In some embodiments, determining the second reverberation intensity parameter value of the acquired accompaniment audio signal includes:

acquiring a number of beats of the acquired accompaniment audio signal within a predetermined duration;
determining a third ratio of the acquired number of beats to the maximum number of beats; and
determining a minimum of the third ratio and a target value as the second reverberation intensity parameter value.

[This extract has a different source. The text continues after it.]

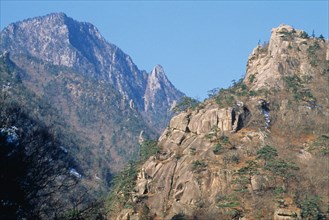 NORTH KOREA, Kangwon-do, Mount Kumgang, Rocky mountain landscape.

In some embodiments, determining the third reverberation intensity parameter value of the acquired accompaniment audio signal includes:
acquiring an audio performance score of the singer of the current to-be-processed musical composition, and determining the third reverberation intensity parameter value based on the audio performance score.
In some embodiments, determining the target reverberation intensity parameter value based on the first reverberation intensity parameter value, the second reverberation intensity parameter value, and the third reverberation intensity parameter value includes:

acquiring a basic reverberation intensity parameter value, a first weight value, a second weight value, and a third weight value;
determining a first sum value of the first weight value and the first reverberation intensity parameter value;
determining a second sum value of the second weight value and the second reverberation intensity parameter value;
determining a third sum value of the third weight value and the third reverberation intensity parameter value; and
acquiring a fourth sum value of the basic reverberation intensity parameter value, the first sum value, the second sum value, and the third sum value, and determining a minimum of the fourth ratio and a target value as the target reverberation intensity parameter value.

In some embodiments, reverberating the acquired vocal signal based on the target reverberation intensity parameter value includes:

adjusting a total reverberation gain of the acquired vocal signal based on the target reverberation intensity parameter value; or
adjusting at least one reverberation algorithm parameter of the acquired vocal signal based on the target reverberation intensity parameter value.

In some embodiments, after reverberating the acquired vocal signal, the method further includes:
mixing the acquired accompaniment audio signal and the reverberated vocal signal, and outputting the mixed audio signal.
According to another aspect of embodiments of the present disclosure, an apparatus for processing audio is provided. The apparatus includes:

an acquiring module, configured to acquire an accompaniment audio signal and a vocal signal of a current to-be-processed musical composition;
a determining module, configured to determine a target reverberation intensity parameter value of the acquired accompaniment audio signal, wherein the target reverberation intensity parameter value is configured to indicate at least one of a rhythm speed, an accompaniment type, and a performance score of a singer of the current to-be-processed musical composition; and
a processing module, configured to reverberate the acquired vocal signal based on the target reverberation intensity parameter value.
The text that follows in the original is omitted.